● **TASK BRIEF**
For the entries that follow, retype exactly the lines from the one containing "I promise to" to the one containing "Public Desire Pink", inclusive, and only those. Images stay out of the copy.

━━━━━ RECORDS PROVIDED

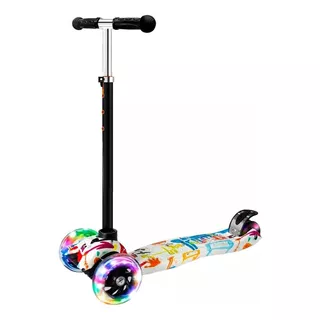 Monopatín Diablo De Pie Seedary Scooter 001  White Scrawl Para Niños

━━━━━━━━━━
━━━━━ RECORDS PROVIDED

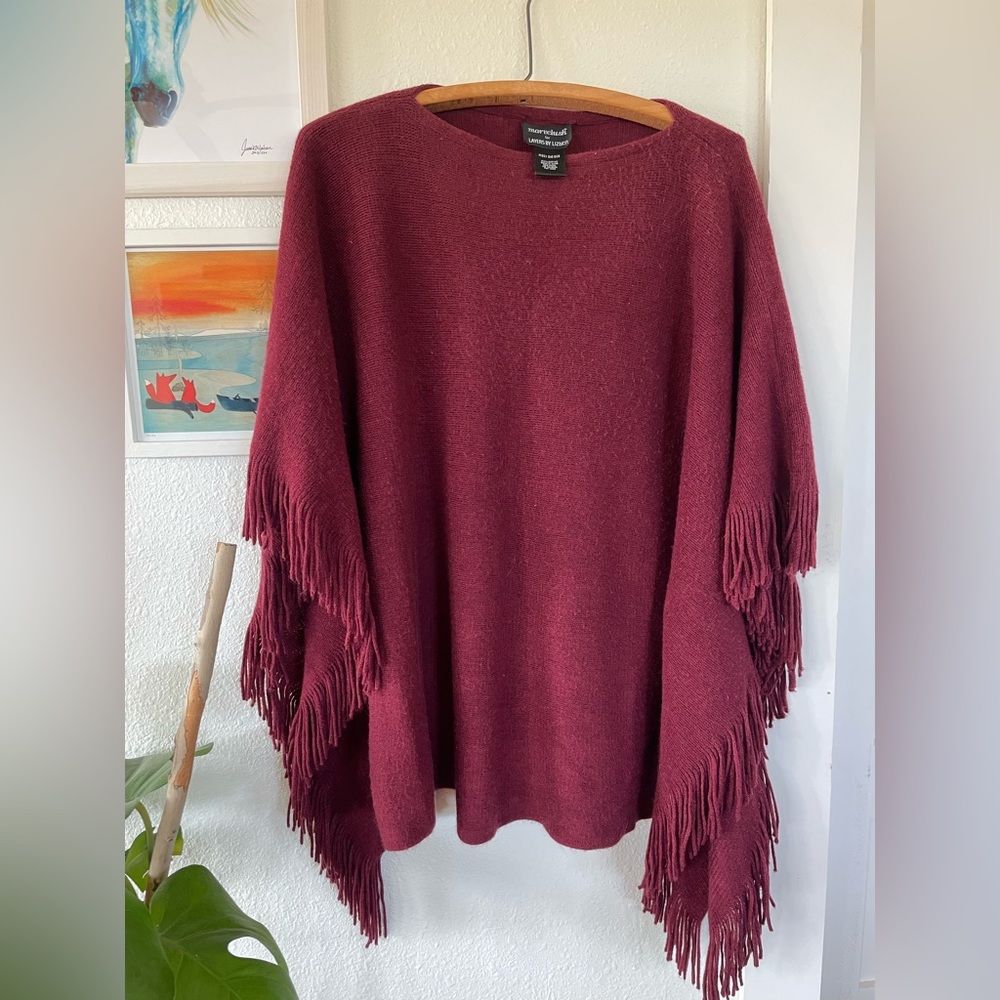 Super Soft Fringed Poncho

━━━━━━━━━━
━━━━━ RECORDS PROVIDED

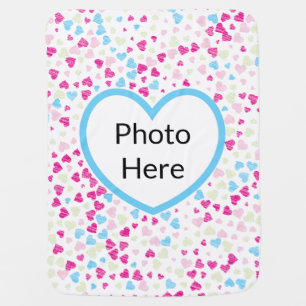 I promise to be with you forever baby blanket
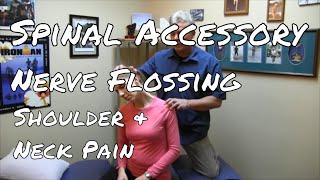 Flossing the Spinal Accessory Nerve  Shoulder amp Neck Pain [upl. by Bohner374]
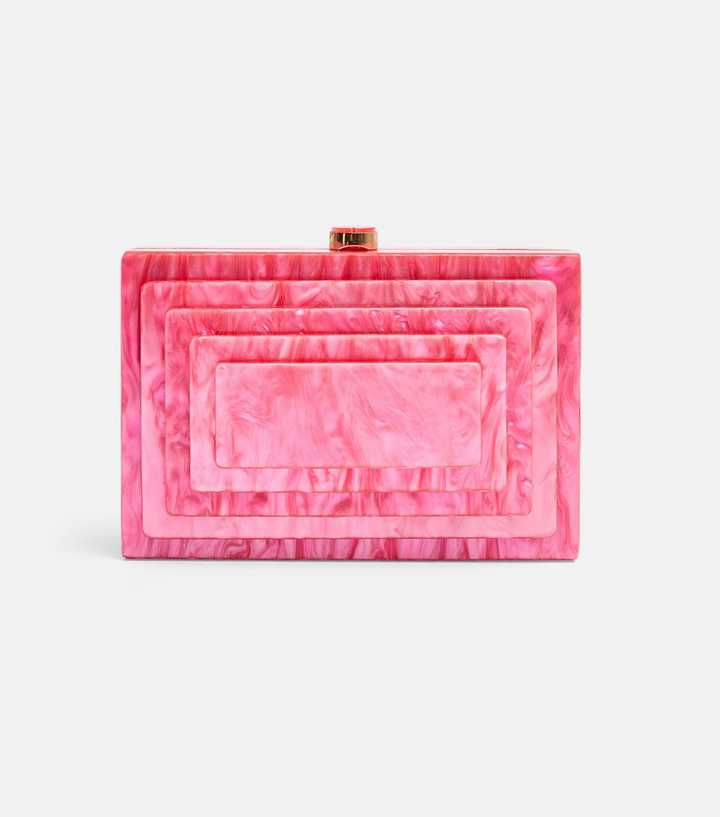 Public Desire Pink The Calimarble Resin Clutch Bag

━━━━━━━━━━

● **THE ANSWER**
 I promise to be with you forever baby blanket
 Flossing the Spinal Accessory Nerve  Shoulder amp Neck Pain [upl. by Bohner374]
 Public Desire Pink The Calimarble Resin Clutch Bag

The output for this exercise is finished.